For the chain rule of probability the order of variables does not matter and sets are not ordered as of themselves anyway. So therefore $P(A | B) P(B) = P(A \cap B) = P(B|A) P(A)$.
However, I cannot reconcile this with a scenario like in the following tree of (conditional) probabilities.
-|
-- (.1) -- A -|
| -- (.7) -- A
| |
| -- (.3) -- B
|
-- (.9) -- B -|
-- (.4) -- A
|
-- (.6) -- B
This actually does not satisfy the symmetry from above, as the order does matter:
$P((B,A)) = P(B) P(A|B) = .9 \times .4$
and
$P((A,B)) = P(A) P(B|A) = .1 \times .3$
When I search for "ordered joint distribution" or "ordered chain rule of probability" I don't find anything useful.
So, my suspicion is that I am fundamentally confused about something here.
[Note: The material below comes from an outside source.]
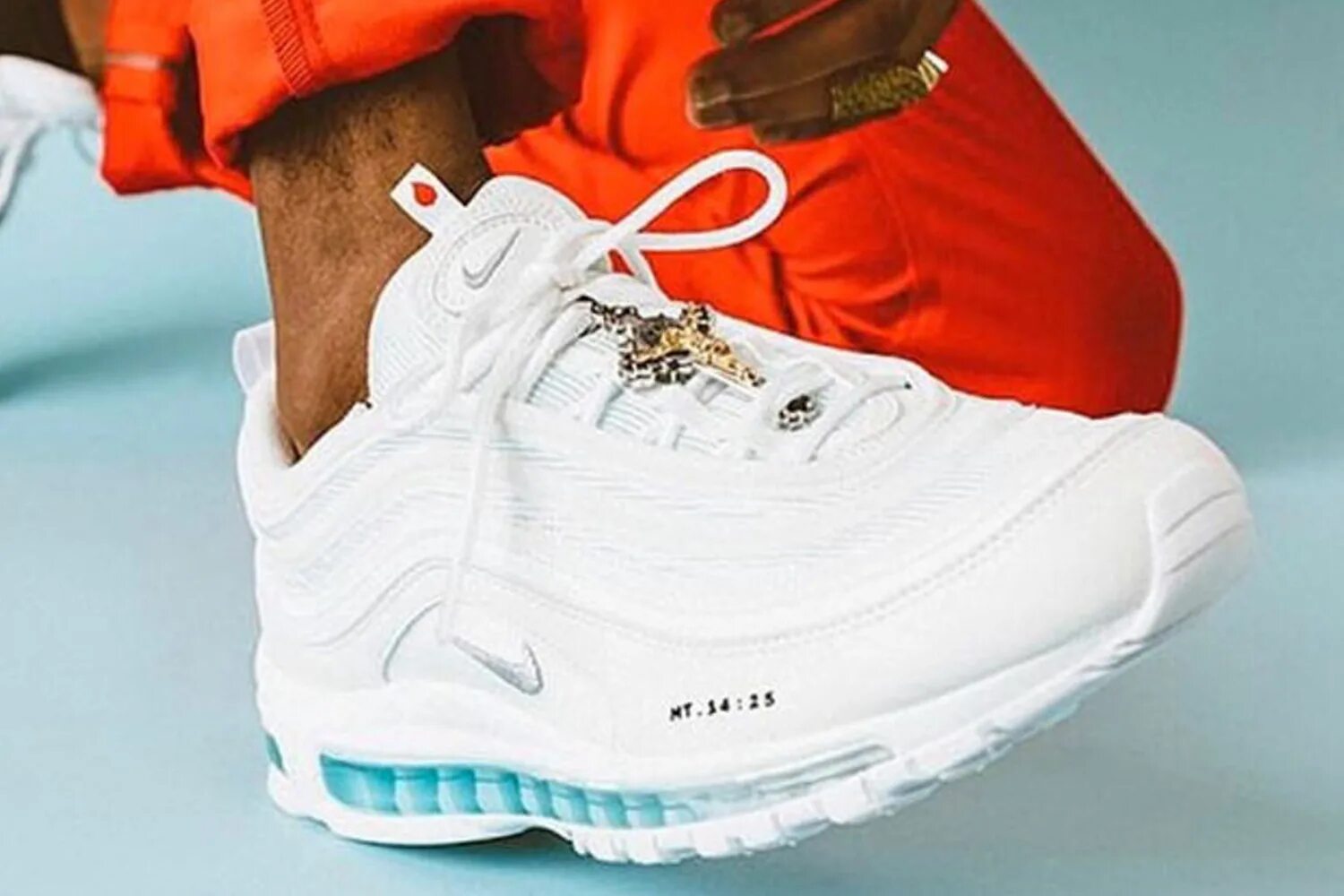 Кроссовки иисуса найк. Nike air max 97 jesus shoes. nike air max 97 со святой водой. кроссовки с кровью на подошве. кроссовки со святой водой в подошве.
If that is the case, can you point out my misconception?
Alternatively I am just using the wrong search terms...
The conditional proability $\mathsf P(A\mid B)$ is defined as $\mathsf P(A\cap B)\div\mathsf P(B)$, when $\mathsf P(B)\neq 0$.
Likewise $\mathsf P(B\mid A):=\mathsf P(A\cap B)\div\mathsf P(A)$ . (Since $A\cap B = B\cap A)$ .
So it is definitely the case that $\mathsf P(A)~\mathsf P(B\mid A)~{=\mathsf P(A\cap B)\\=\mathsf P(B)~\mathsf P(A\mid B)}$
The tree just does not make any sense. Check the labels.